What the task asks |
Write exactly the lines running from the start of the material below to the line that includes "Seventeen: 了 can", and include no pictures.

"""

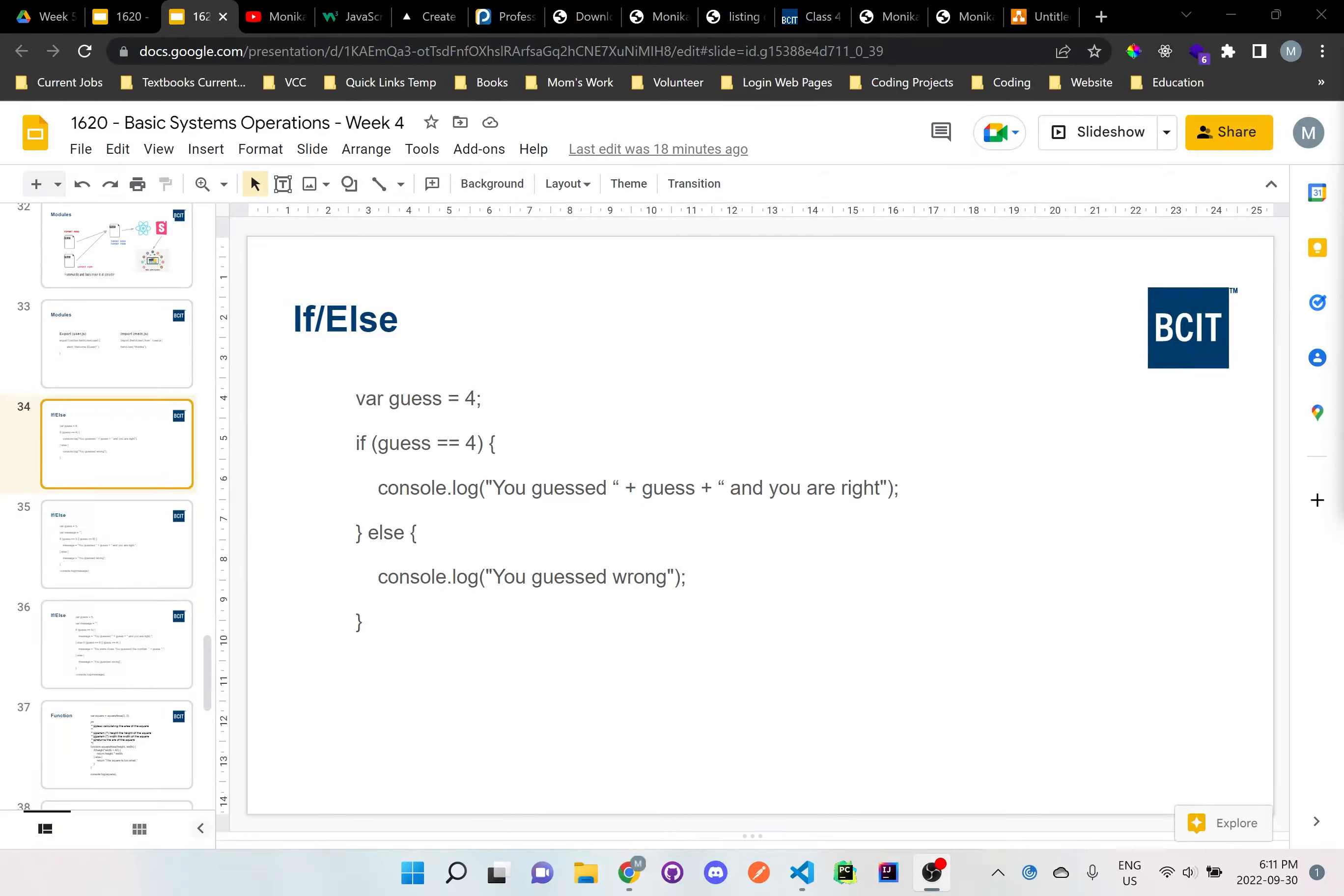Hi everyone, so I just want to go over one of these if and else statements. So in one of the PowerPoints here, I made this if and else statement to guess to see if the guess is true or not.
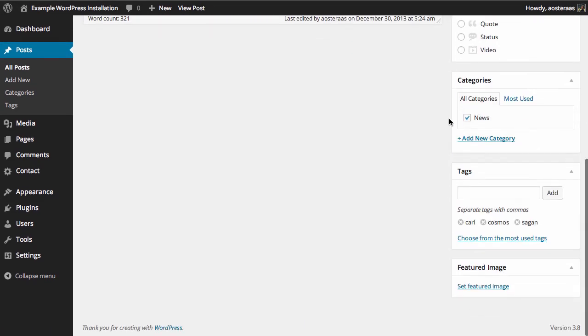To remove tags, it's very simple. All you need to do is scroll down, and on the right-hand side you'll find your tags. Click the X next to the tag you want to remove.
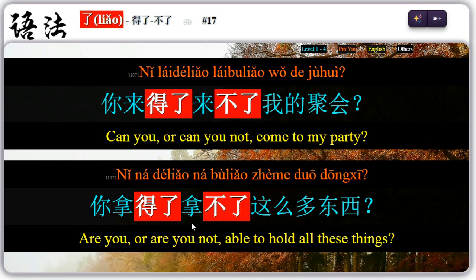Seventeen: 了 can be used as a verb complement in the 得了/不了 expression. For example, 你来得了来不了我的聚会? — can you or can you not come to my party? 你拿得了拿不了这么多东西? — are you or are you not able to hold all these things?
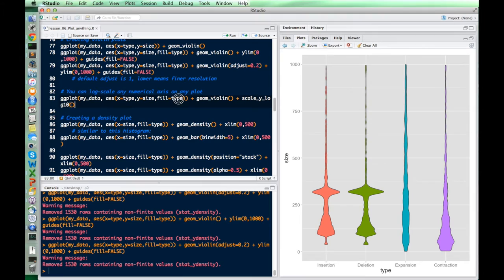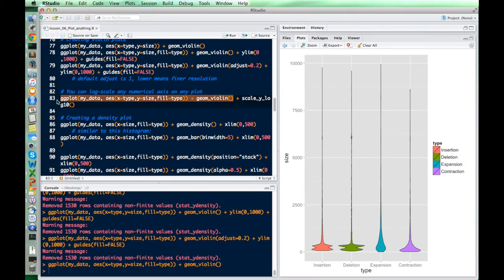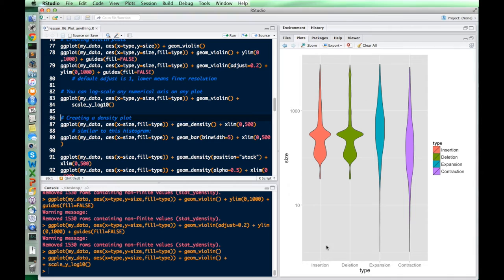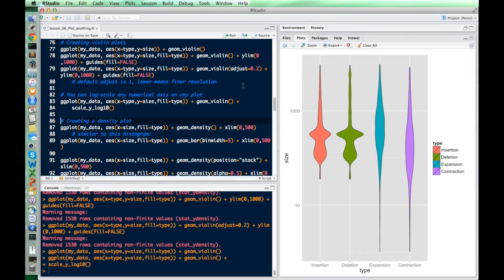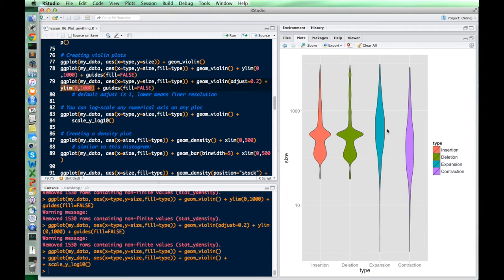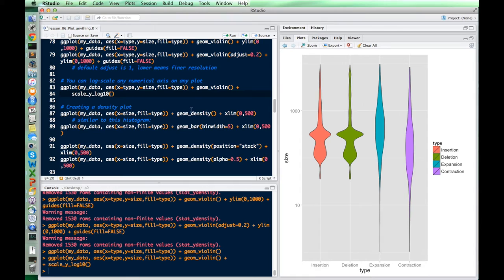Another useful thing is making any numerical axis a log scale. We add scale_y_log10 to the violin plot, and now the y-axis goes from 10 to 1000 on a log scale, spreading things out much more. This is an alternative to zooming in — instead of cutting off large values, you compress them using the log scale. You can do this to any numerical axis on any plot.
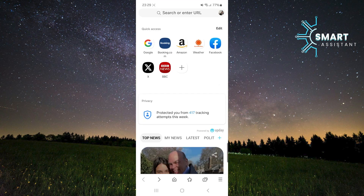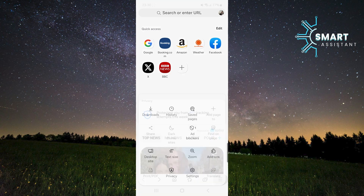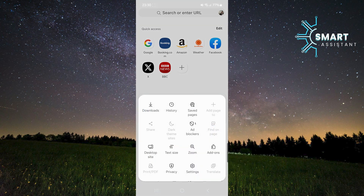Then, tap the three horizontal lines in the bottom right corner to open the menu. In the menu, find the Settings option and tap on it.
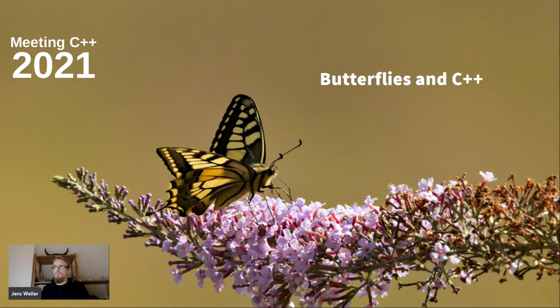I thought I'd give a quick talk on butterflies and C++, which is basically a follow-up on my last lightning talk at Meeting C++ 2019.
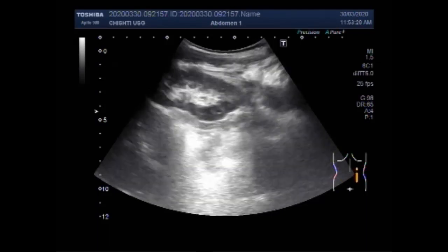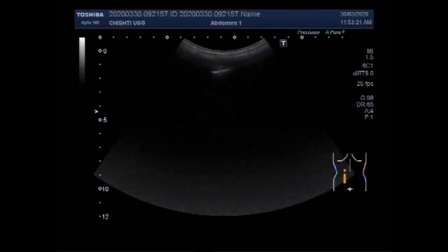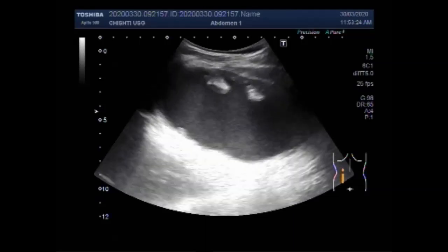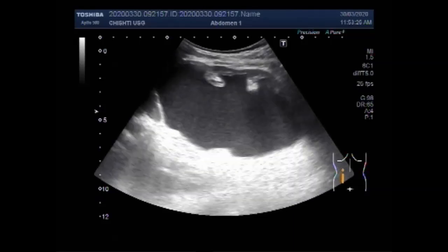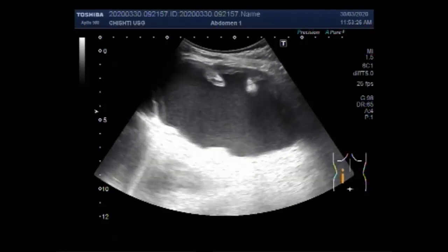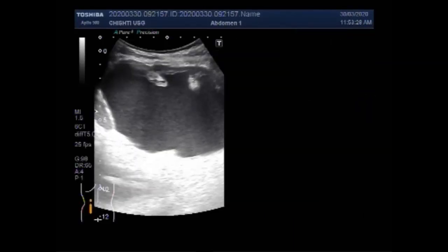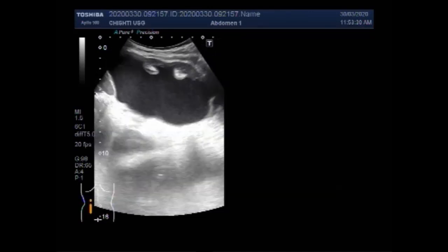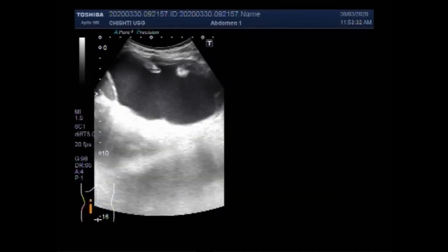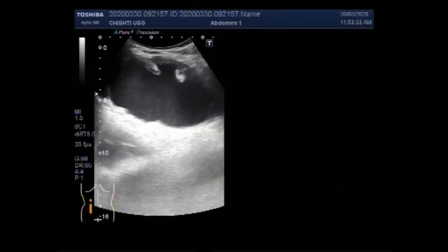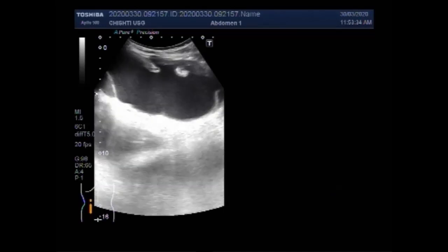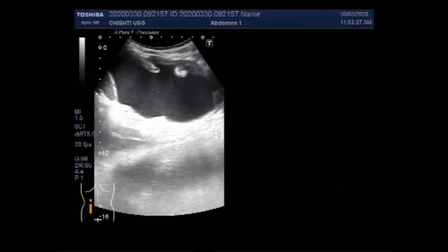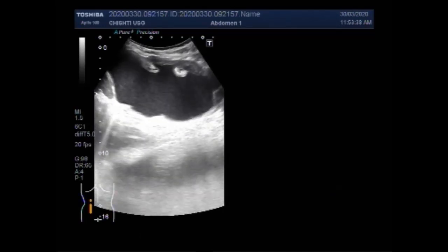Again, you can see the right kidney, which is echoarchitecturally normal but shows compensatory hypertrophy. This is the left kidney, and you can see the thick sludge floating in the fluid present in the dilated pelvicalyceal system of the left kidney.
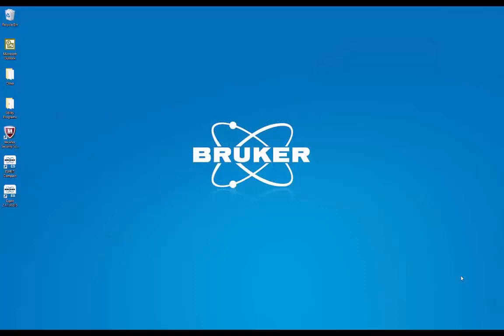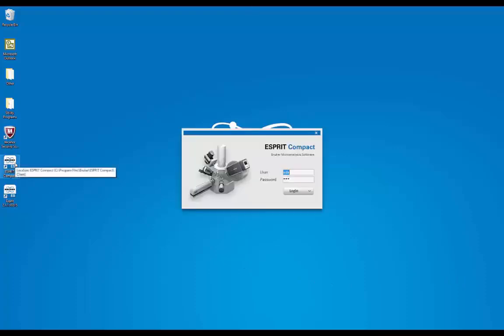This is a presentation of the ESPRI Compact Software. To start the software, we work from an icon on the desktop, double-click, brings in the login environment.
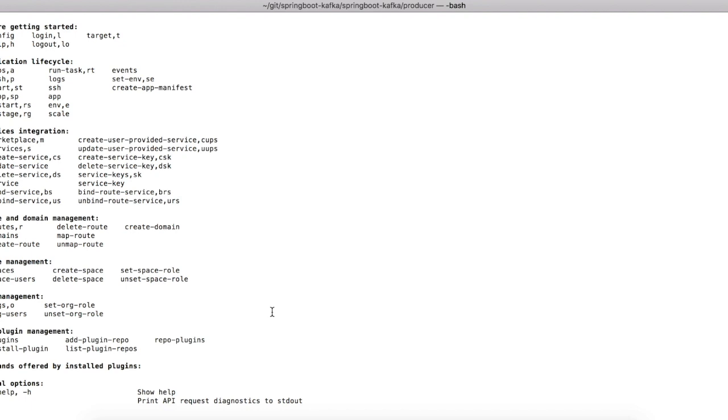Thanks for watching. In our next video, let's take a look at Pivotal Cloud Foundry's graphical user interface.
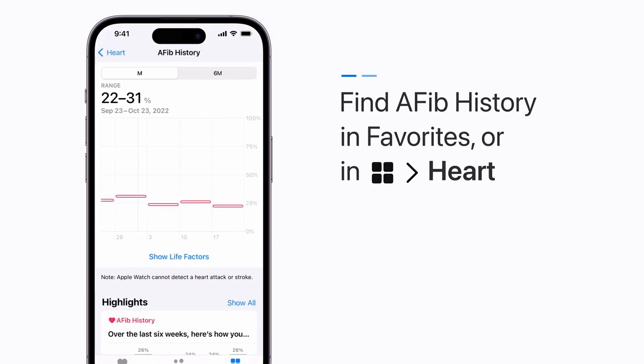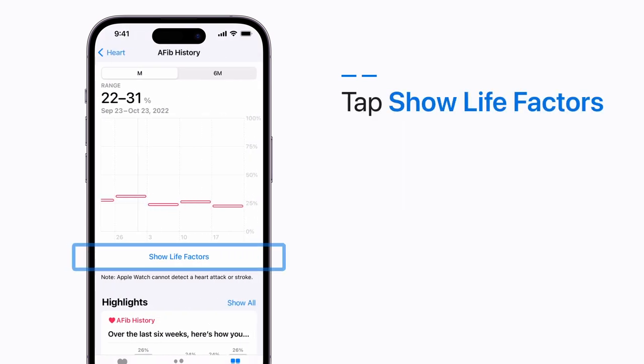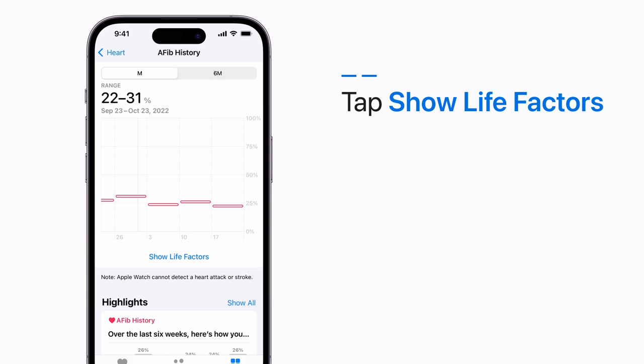You can also tap Show Life Factors below the results to understand how key factors may influence your condition.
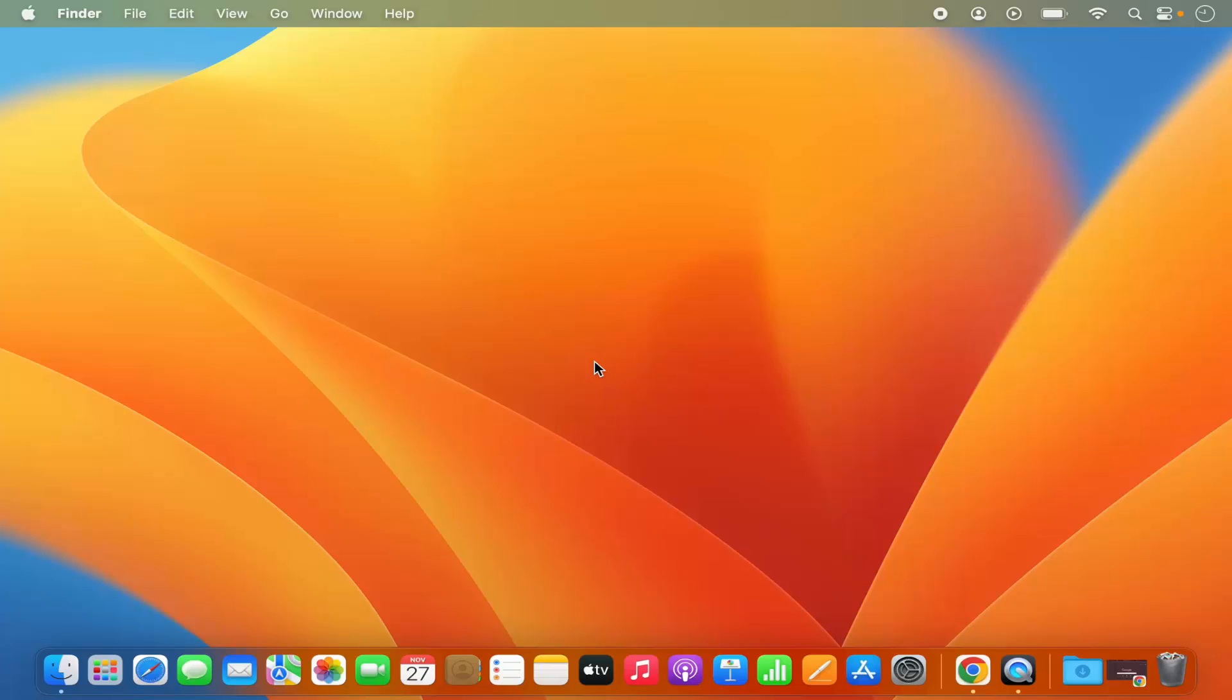Hey guys, in this video I'm going to show you how you can hide or disable the dock on your Mac operating system. So let's get started and see how we can do it.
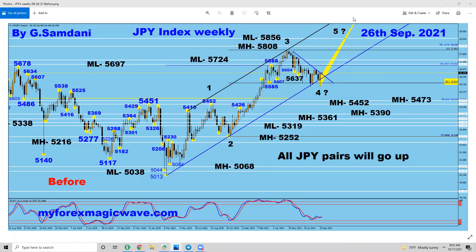Hello everyone, Samir here from IFRSmagicwave.com, making this a small video about the yen index and yen pairs — how they reacted to the index. So let's get it started.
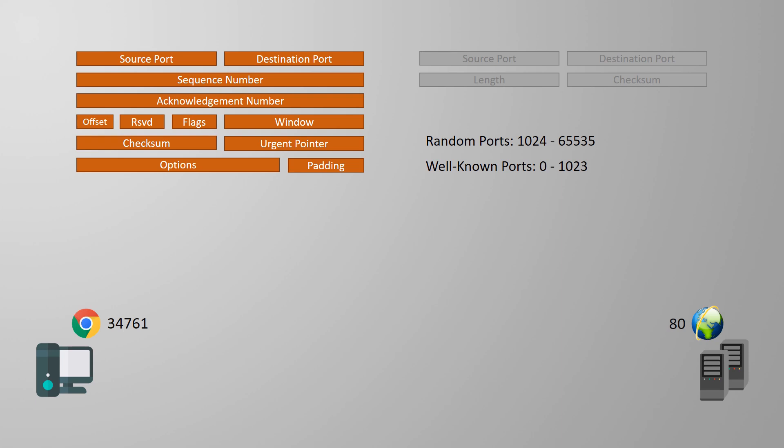Think of our client over here on the left. It already has a web browser open, with a connection to a web server. Now it opens a mail client, and is able to send and receive mail. Both applications can access the network at the same time. But when data arrives at this device, how does it know which application it belongs to? The IP and the MAC address are the same, so they won't help. Yeah, you guessed it. The two applications use different port numbers.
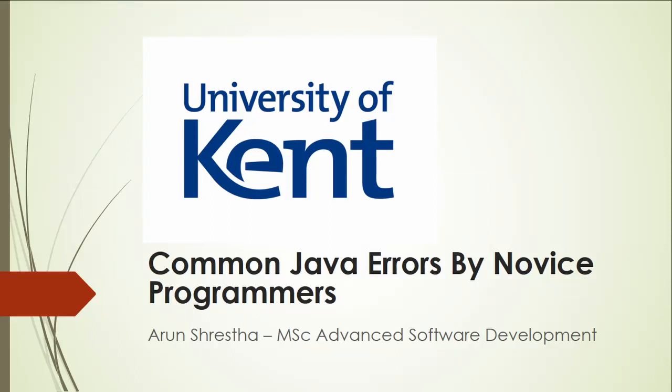Hello, my name is Arun Shrestha and welcome to my video where I'll be talking about some common errors that novice Java programmers make.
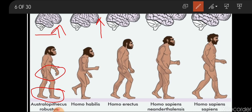The body structure of the earliest human beings changed over time. Their brain became larger while the jaws and teeth got reduced in size. The teeth size and the jaw size also reduced. They learned to adapt themselves to their surroundings.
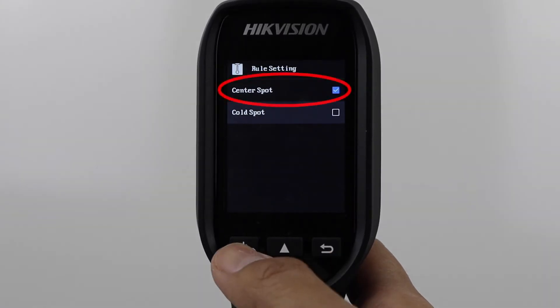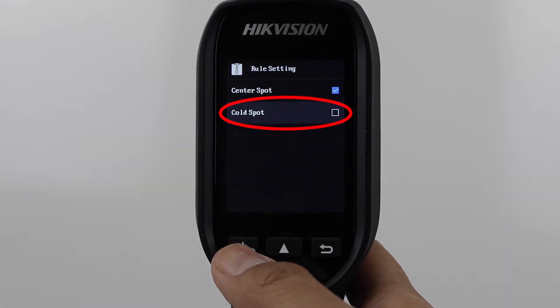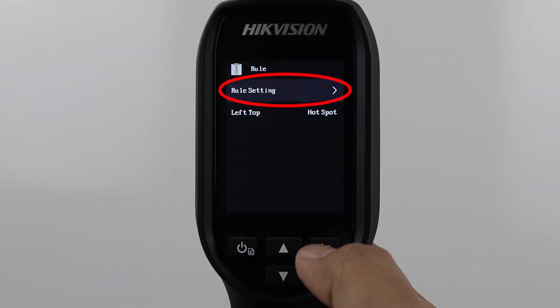In this case, use Center Spot instead. This will measure whatever is in the center of the device's crosshair. Cold Spot should not be used for body temperature, as this will locate and measure the coldest spot in the scene. Use the Rule setting menu option to change the measurement rule.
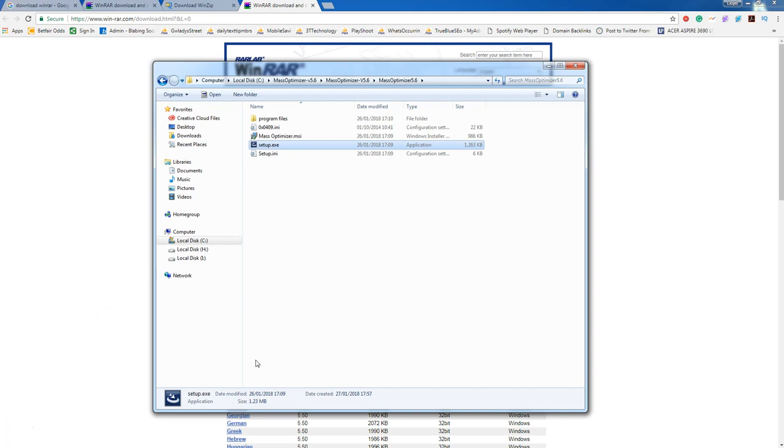In the previous video I showed you how to unzip or unpack the Mass Optimizer zip file once you download it from the members area. If you haven't looked at that yet, go and have a look.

"""

Exercise response |
Hi everyone, so I just want to go over one of these if and else statements. So in one of the PowerPoints here, I made this if and else statement to guess to see if the guess is true or not.
To remove tags, it's very simple. All you need to do is scroll down, and on the right-hand side you'll find your tags. Click the X next to the tag you want to remove.
Seventeen: 了 can be used as a verb complement in the 得了/不了 expression. For example, 你来得了来不了我的聚会? — can you or can you not come to my party? 你拿得了拿不了这么多东西? — are you or are you not able to hold all these things?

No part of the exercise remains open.